Le scrutin a en effet ont lieu entre les deux tours d’une présidentielle choc qui a porté deux candidats de rupture au second tour: Kais Saied, un juriste sans structure partisane, et Nabil Karoui, fondateur du mouvement Qalb Tounes (« Coeur de la Tunisie ») et actuellement en prison.

« Les gens n’ont plus confiance dans les anciens partis, et ne connaissent pas les nouveaux, donc ils ne sont pas motivés », a affirmé à l’AFP Ali Rekiki, un jeune observateur de l’organisation locale Mourakiboun.

« On sent qu’il y a un vent de changement », a estimé Issa, venu voter tôt à Tunis.

« Sur la bonne voie »

Trois semaines après le premier tour de la présidentielle qui a balayé les sortants, les sondages officieux évoquent l’arrivée d’une vague d’indépendants, qui représentent un tiers des listes en lice, et de nouvelles formations.

De nombreux visages nouveaux devraient arriver au Parlement, une institution clé pour répondre aux principales inquiétudes des Tunisiens: une inflation continue, un chômage élevé et des services publics ne répondant plus aux attentes.

Le parti d’inspiration islamiste Ennahdha, qui dominait le Parlement sortant, est donné au coude-à-coude avec Qalb Tounes, créé il y a moins de six mois par Nabil Karoui, homme d’affaires controversé. Les deux partis ont officiellement exclu toute alliance.

« Nous sommes sur la bonne voie pour une victoire, les tendances sont très encourageantes », a dit à l’AFP le porte-parole de Qalb Tunes, Hatem Mliki, se refusant à donner des chiffres. Ennahdha a souligné attendre les résultats officiels prévus mercredi.

Cet émiettement, alors que le parti arrivé en tête devra convaincre au moins 109 députés pour former un gouvernement, augure de houleuses négociations.

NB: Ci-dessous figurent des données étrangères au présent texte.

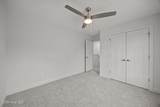 2374 Zion Hill Road - Photo 34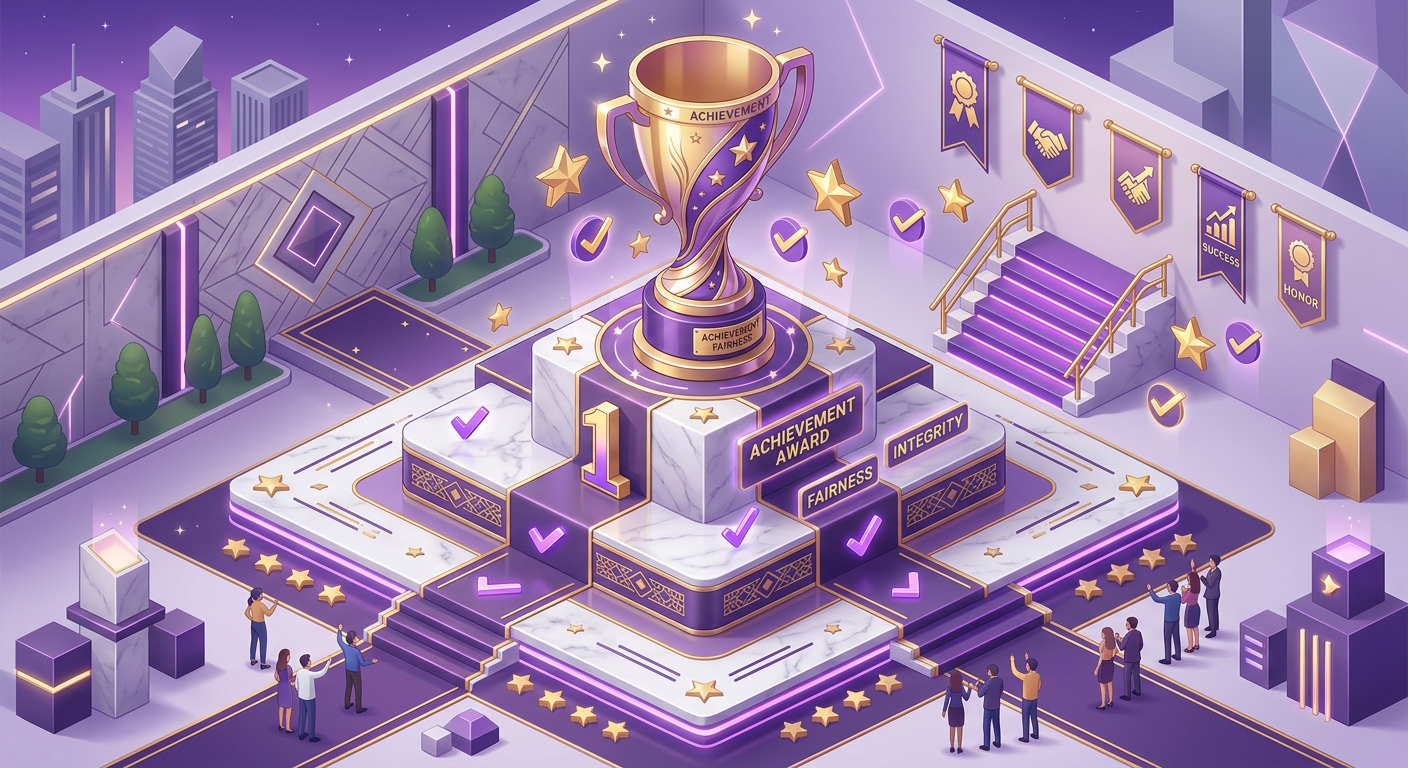 Заклучни согледувања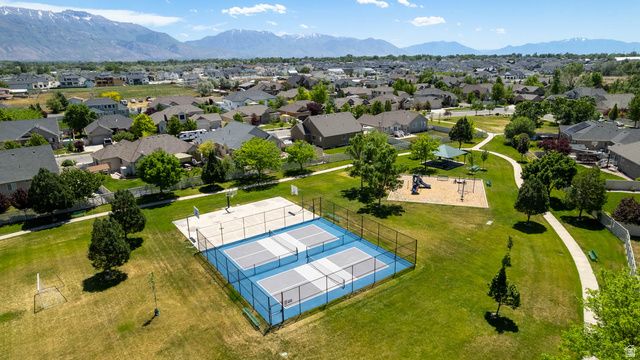 1988 W 1260 N, Lehi, UT 84043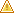 iconos_utorrent13.png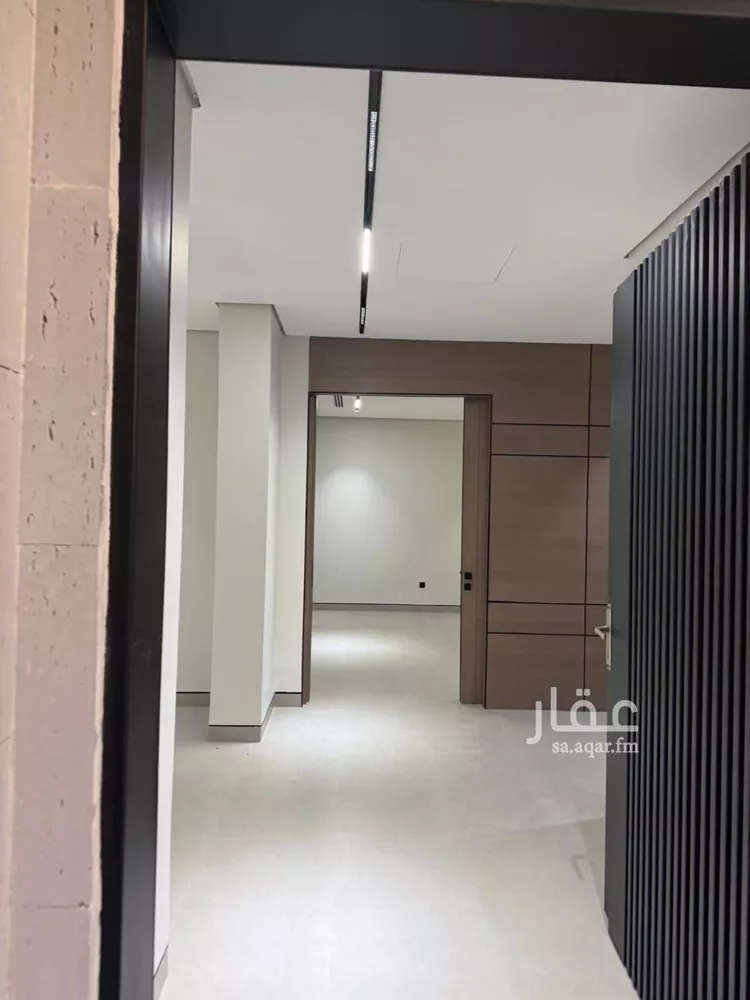 فيلا للبيع في شارع عابس بن الحصين, حي المهدية, مدينة الرياض, منطقة الرياض صورة 4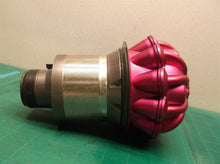 V7 Motor head Cordless Stick Vacuum, Fuchsia Motor Only ty4-us-mja5401a
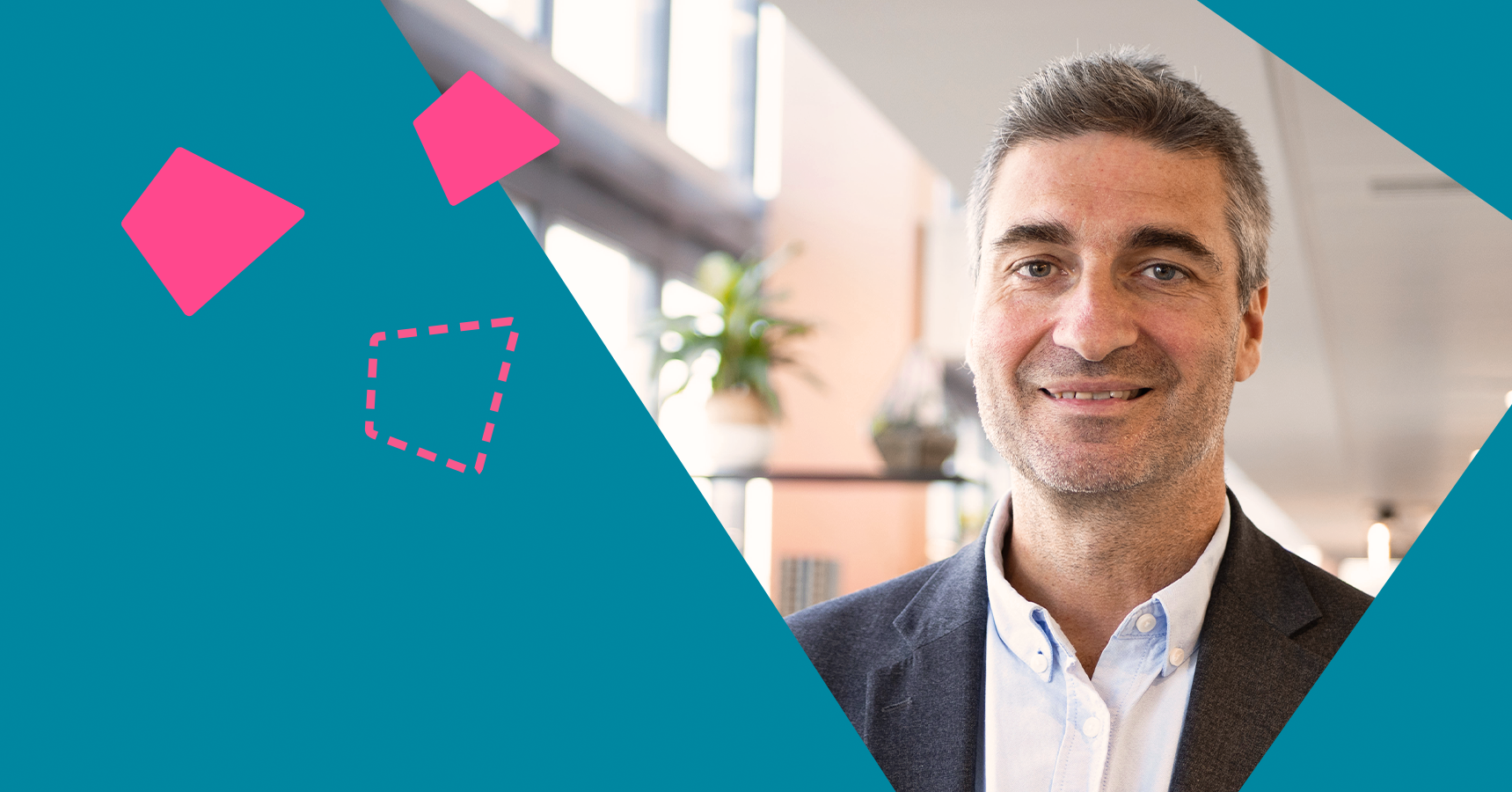 Video cover Webinar andy and Kirsty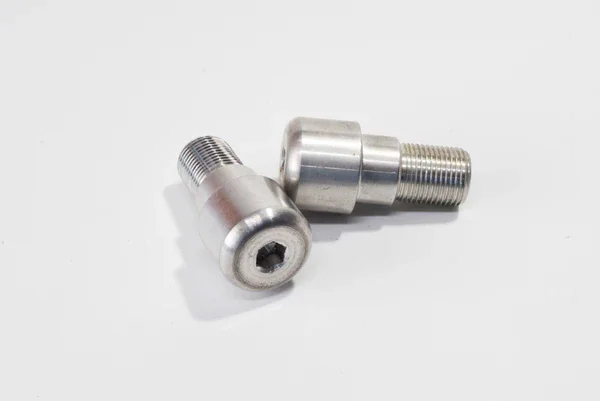 TMYA02 - TERMINALI MANUBRIO YAMAHA Nuova Collezione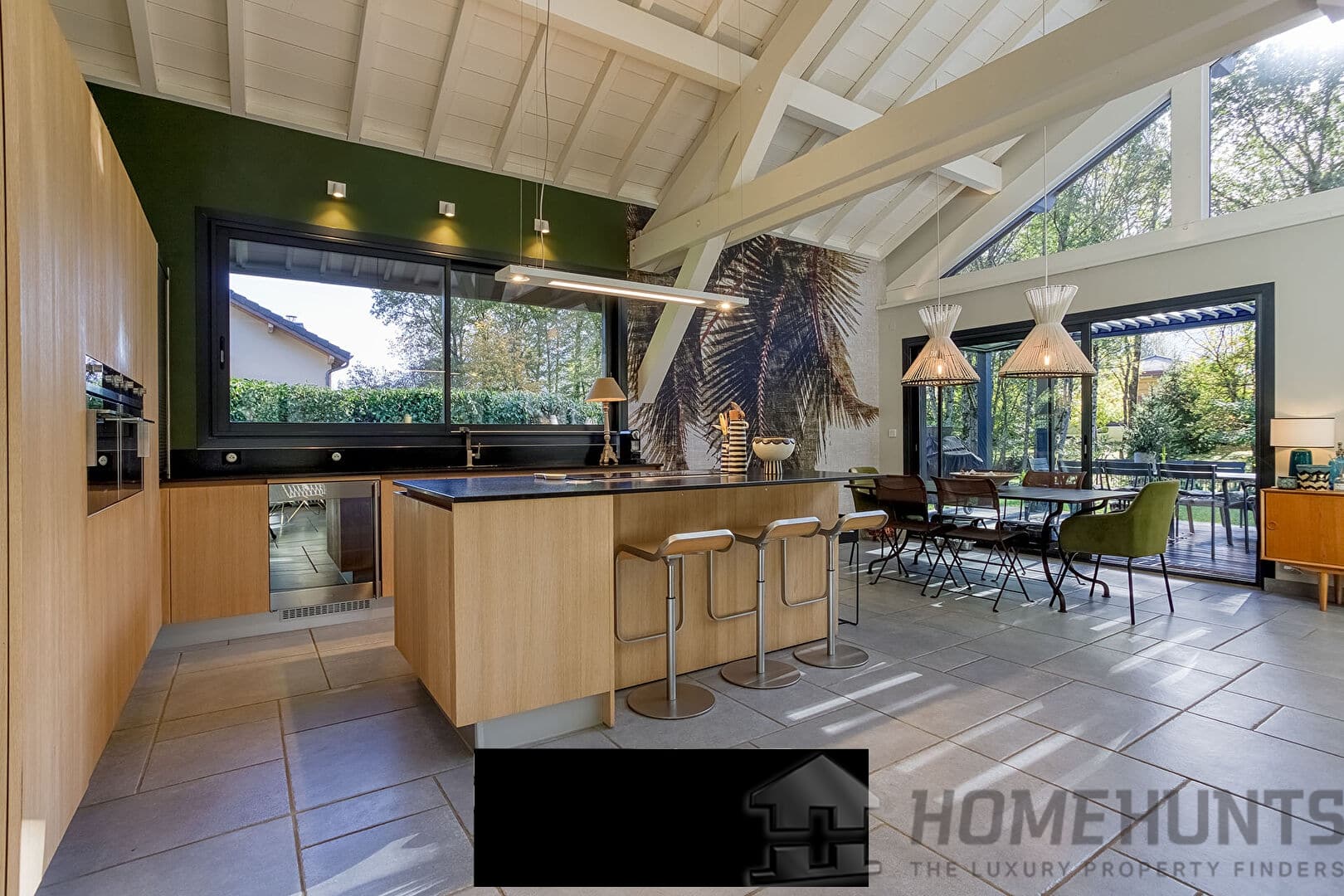 property_HH-15568358-2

« Les négociations prendront probablement des semaines », juge l’analyste politique Youssef Cherif, en évoquant le risque d’un nouveau scrutin si les députés ne parviennent pas à se mettre d’accord.

Le parti arrivé en tête disposera de deux mois pour dégager une majorité au Parlement, le président de la République -qui sera élu le 13 octobre- n’intervenant qu’en cas de blocage au terme de cette période.

Une fois formé, le gouvernement aura la lourde tâche de relancer l’économie et de résorber une dette paralysante: si la menace terroriste n’est plus un sujet majeur, quatre ans après une série d’attentats meurtriers, la transition démocratique reste fragilisée par les difficultés sociales persistantes.

– Inquiétudes –

Un bon score de Qalb Tounes aux législatives pourrait être un atout pour M. Karoui le 13 octobre.

Sous le coup d’une enquête depuis 2017 pour blanchiment et fraude fiscale, il est en détention depuis fin août. Déplorant une instrumentalisation de la justice, ses partisans ont réclamé un report du second tour de la présidentielle.

Ces rebondissements ont focalisé l’attention et alimenté des inquiétudes autour du bon déroulement du processus électoral, crucial pour consolider les acquis démocratiques.

M. Saied arrivé, en tête du premier tour, n’a lui donné aucune consigne pour les législatives.

Mais Ennahdha lui a apporté un soutien franc, en se présentant comme le parti susceptible de porter le programme de M. Saied au Parlement, espérant ainsi reconquérir des bases aliénées par son alliance contre-nature avec le parti victorieux en 2014, Nidaa Tounes. Le score de son chef Rached Ghannouchi, candidat pour la première fois, sera scruté.

Une nouvelle formation, Karama, menée par l’avocat islamiste populiste Seifeddine Makhlouf a elle tenté de se présenter comme alliée à M. Saied, concurrençant Ennahdha.

A l’autre extrémité, le Parti destourien libre, porté par l’avocate anti-islamiste Abir Moussi, pourrait faire un meilleur score que les 4% de sa chef de file au premier tour de la présidentielle.